Very often in this life we find that the mixing of separate and disparate elements leads to unfortunate and unsavoury results: George W. Bush and the leadership of the world's largest economy, Will Ferrell and testicles, and vegemite and milk.

At other times, we are lucky enough to stumble upon a combination that brings peace, love and joy to all humankind: Jean-Luc Piccard and the Enterprise, Mo2(TiPB)4 (TiPB = 2,4,6-triisopropyl benzoate) and 3′,4′-dihexyl-2,2′-:5′,2″-terthiophene-5,5″-dicarboxylic acid; and the mixing of chocolate and milk.

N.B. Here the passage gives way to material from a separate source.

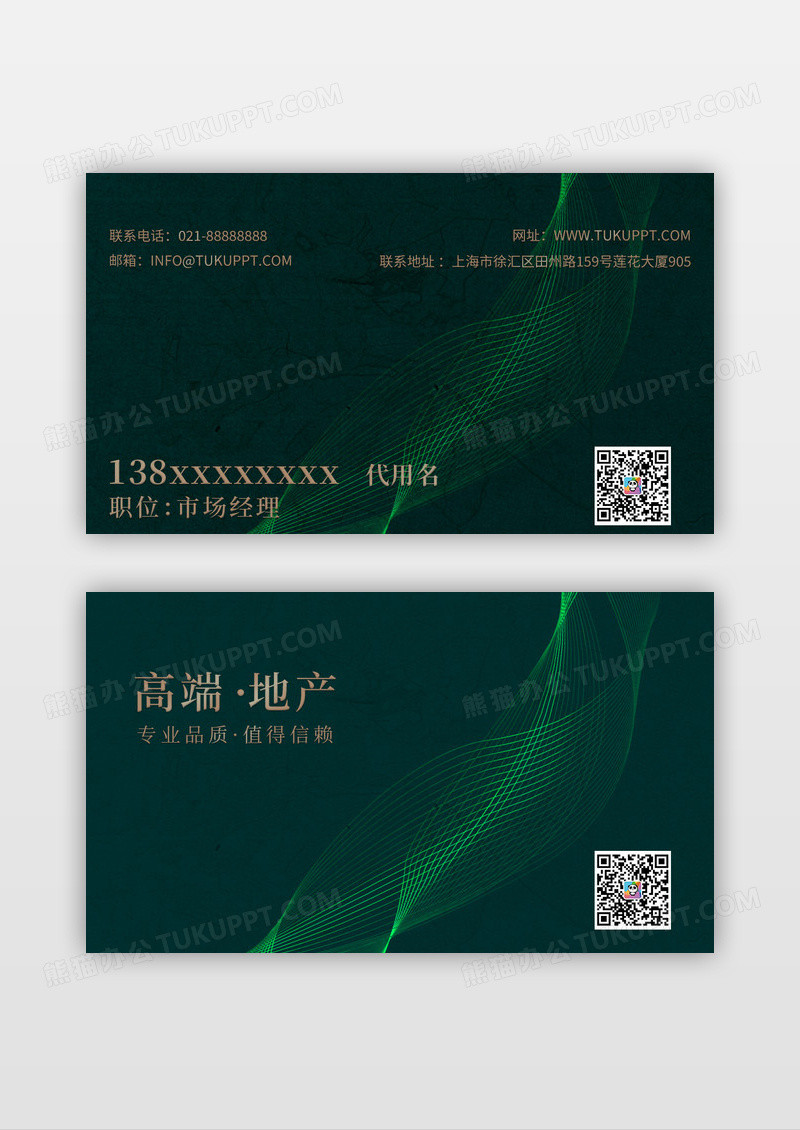 地产名片绿色高端地产建筑装修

It is into this latter group that four separate and disparate elements, thrown together by chance and online whimsy, came together to create what could potentially be, and I think I am in no way over-selling this, the Great Australian Novel. Sure, we need another 99,383 polished words but I think we all agree the oyster has been seeded.

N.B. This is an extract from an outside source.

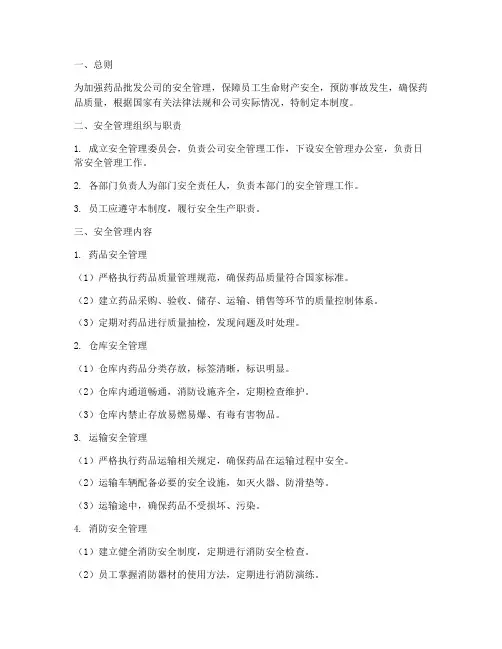 药品批发公司安全管理制度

That's right, over the last 24 hours we have witnessed the miracle birth of one of the world's greatest (only?) online, anonymous, choose-your-own-adventure-esque story-telling collectives.

A big thank you to Anon, Stephen King and ET for contributing to the first ever Kettle Collective Story. I see big things for us: fame, fortune and not a small amount of tall poppy syndrome-itis from other collective writing collectives. I bet they're kicking themselves in their collective arse for not getting on board with our winning effort.*

In case you were busy yesterday negotiating with your agent over the film rights for your latest novel, I have included our story below for your immediate and awe-inspired perusal:

[Kettle] It was a dark and stormy night. Mabel had been watching tv and fallen asleep on the couch when she was awoken by a knock, knock, knocking at the door. [Anon] When she answered the door she found it was the mailman, who pulled out of his bag [Stephen King] a severed head!

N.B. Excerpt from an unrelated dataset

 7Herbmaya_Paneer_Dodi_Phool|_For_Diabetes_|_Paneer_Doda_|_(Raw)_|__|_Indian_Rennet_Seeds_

"Wait a minute," said Mabel, "something's not right here. If you're a postman why are you making deliveries at night?"

"It's a new service," said the postman. "Mail delivered... to your front door... at night."

"Oh well then," said Mabel, "why don't you come in. You must be tired from lugging that head around."

So they sat down in the loungeroom and had a cup of tea. Then the postman said [ET] "thank you for the cup of tea," passed Mabel the clip-board and a pen and asked her to sign for the head and was on his way, back out into the night, for his next delivery.

The End.

While in some alternate universe it's possible some of you, dear readers, are muttering quietly to yourselves "thank chroist for the two sweetest words in the world of poorly written drivel: 'The End,'" but given the quality of the piece we're unlikely to hear such disgruntings.

I wait in eager anticipation for the next Kettle Collective Story; don't you?

* Please note, we have not, as yet, won anything.

2 comments:

remote control said...

Hey Kettle, it would be hard knowing where a Pullitzer prize winning novel ended and the Kettle Collective Story began...

Stephen King said...

A 14 carot gold story. Proud to have been a part of it, and looking forward to future glory and riches.